The following is excerpted from a commentary originally posted at www.speculative-investor.com on 6th January 2013.
Why is gold in a bull market? The answer isn’t “price inflation”, because although “price inflation” is happening it isn’t widely perceived to be a major problem at this time. Furthermore, there was relentless “price inflation” during the 1980s and 1990s while gold was in a bear market. Monetary inflation is part of the answer, but it isn’t the most important part because there was plenty of monetary inflation during the 20-year period when gold was in a bear market. The reversing of the US stock market’s secular trend (from up to down) during 2000 is also part of the answer, but saying that gold is in a bull market because the stock market is immersed in a secular valuation decline just prompts the question as to why this should be so. Why should a long-term gold bull market coincide with a long-term equity bear market?
The answer to the question “Why is gold in a bull market?” is related to the propensity to save. When there is an increase in uncertainty and/or the perceived level of economic/financial-market risk, people naturally want to save more and spend less. This is especially the case after an economy-wide inflation-fueled boom turns to bust, because in this situation debt levels will be high, many investments that were expected to generate large returns will be shown to have been ill-conceived, and it will be clear that much of what was generally believed about the economy was completely wrong. The public’s first choice in such circumstances would be to hold more money, but central banks and governments respond to the factors that are prompting people to save more by taking actions that reduce the value of money. Policy-makers do this because they are operating from the Keynesian playbook, in which almost everything is backward. In the real world an increase in saving comes at the beginning of the economic growth path and an increase in consumption-spending comes at the end, but in the Keynesian world the economic growth path begins with an increase in consumption-spending. Moreover, in the back-to-front world imagined by Keynesian economists an increase in saving is considered bad because it results in less immediate consumption.
So, things happen that make the public want to save more, but the central planners then say “if you save more in terms of money we will punish you!” They don’t actually say “we will punish you”, but they take actions that guarantee a real loss on cash savings. However, the actions taken to reduce the appeal of saving in terms of the official money do nothing to reduce the underlying desire for more savings. In fact, the actions tend to further undermine the economy and create more uncertainty, thus leading to an even greater propensity to save.

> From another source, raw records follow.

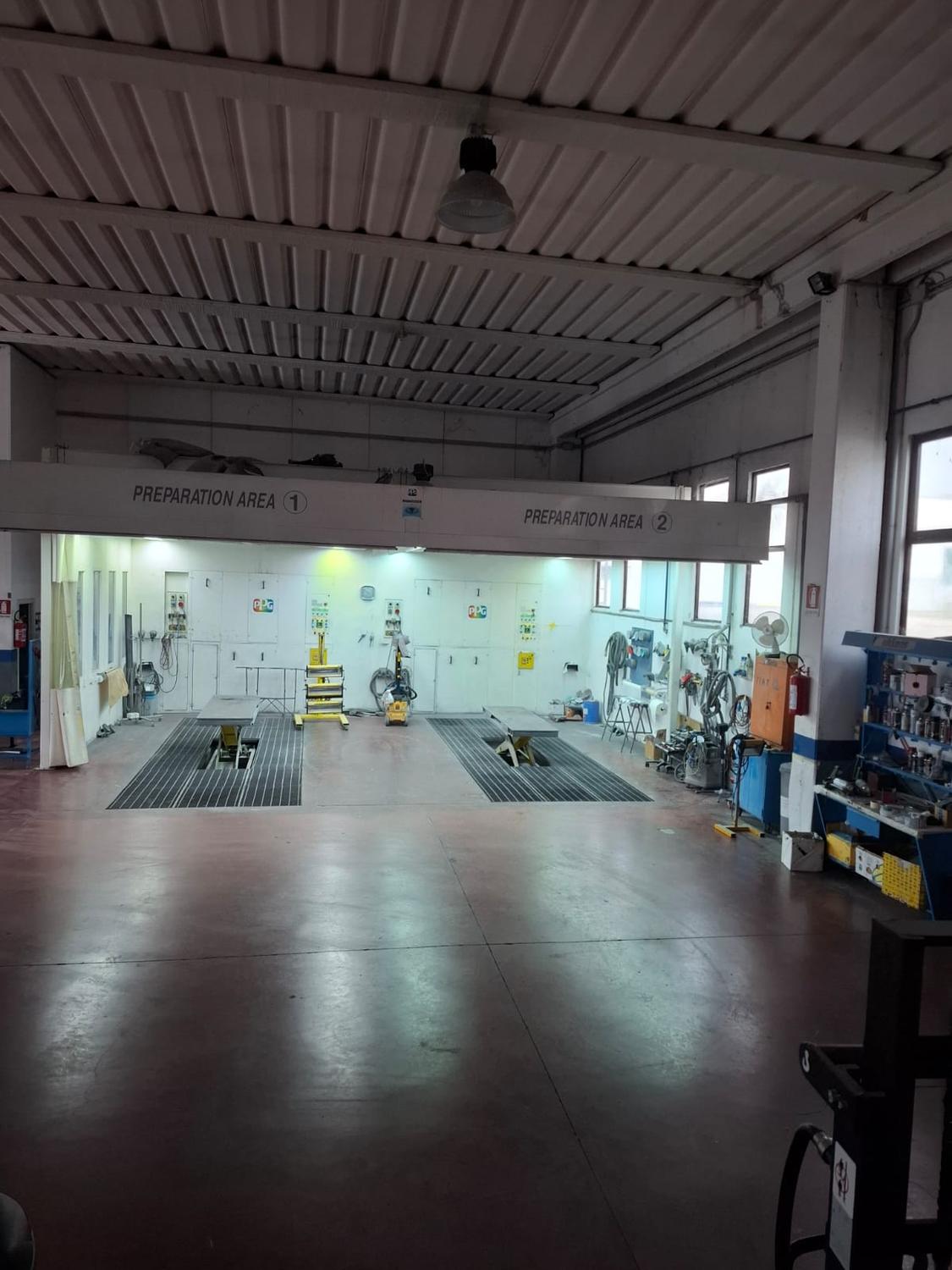 Azienda in vendita: ATTIVITA' ARTIGIANALE/IMMOBILE ARTIGIANALE a Italia - Attività artigianali e professionali - Immagine foto 2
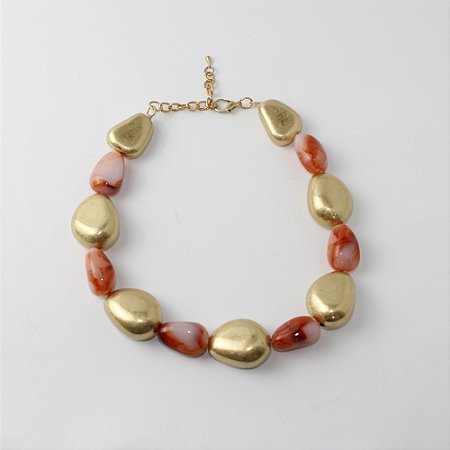 Colar de Metal Curto com Mix de Resina Coral e Dourado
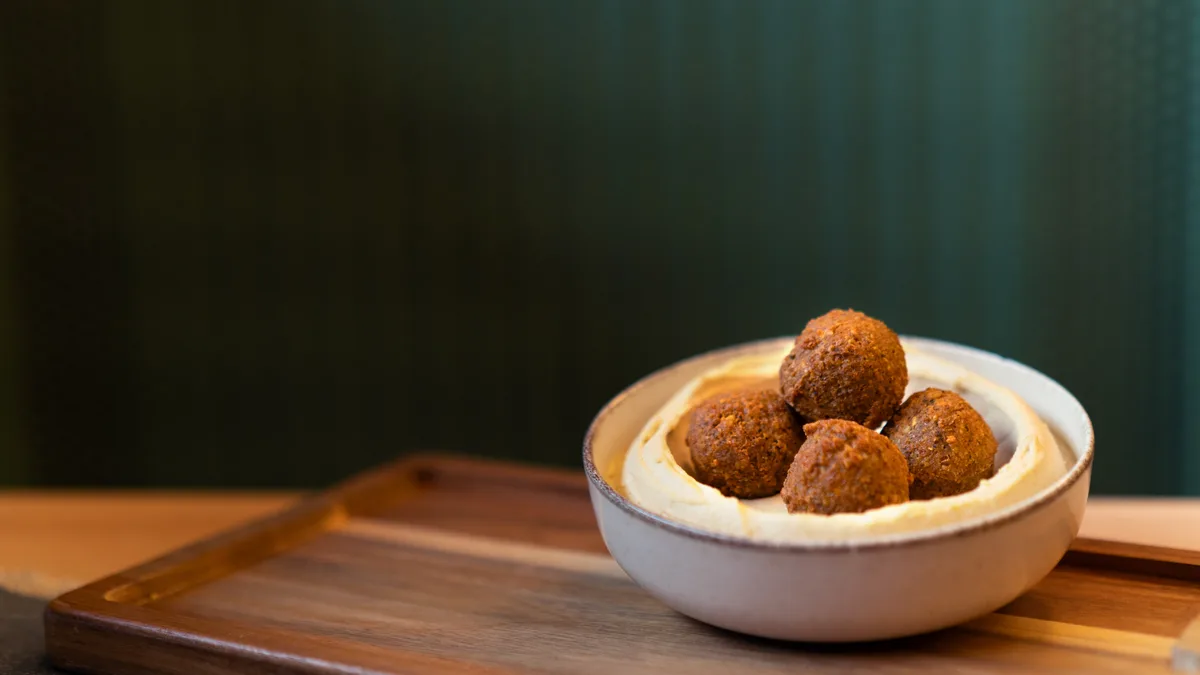 Humus sa falafelom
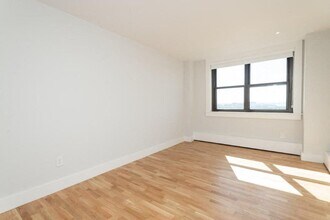 Interior Photo - 1410 Columbia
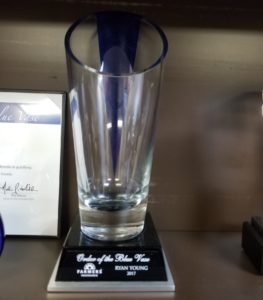 farmers insurance blue vase award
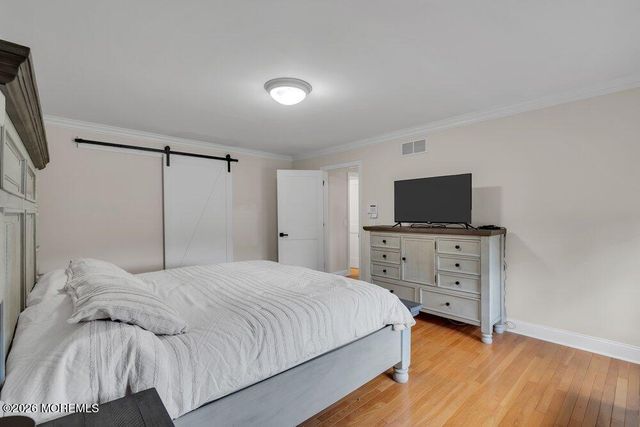 4 Pearl Drive, Toms River, NJ 08753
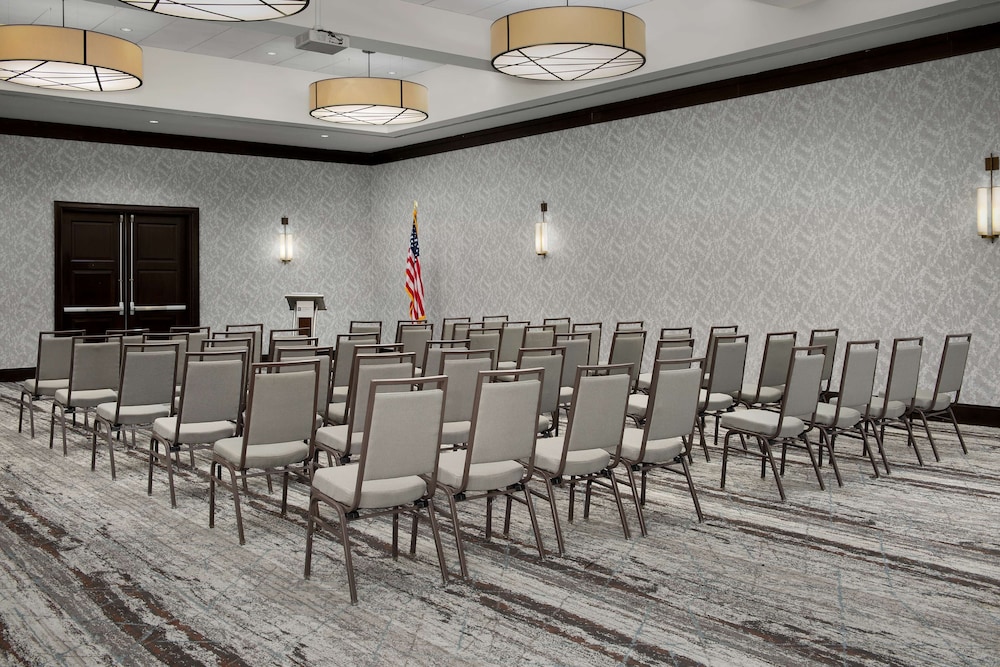 Embassy Suites Springfield - photo 49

That’s where gold comes in. People want to save more, but they can’t save in terms of the official money unless they are prepared to lock-in a negative real return on their savings. They therefore opt for the next best thing: gold. Gold is almost as liquid and as transportable as money, but its supply is essentially fixed. Gold also has a very long history as a store of value and as money, so even though it is presently not money it is a good alternative to cash.
Long-term gold bull markets can therefore be viewed as periods lasting 10-20 years when the public has an increasing propensity to save and when the actions of the authorities make it increasingly risky to save in terms of the official money.
The best ways that we know of to illustrate gold’s major trend are via long-term charts of 1) the Inflation-Adjusted (IA) gold price, 2) the gold/commodity ratio (gold relative to the Continuous Commodity Index (CCI)) and 3) the gold/Dow (or gold/SPX) ratio. The first two are displayed below.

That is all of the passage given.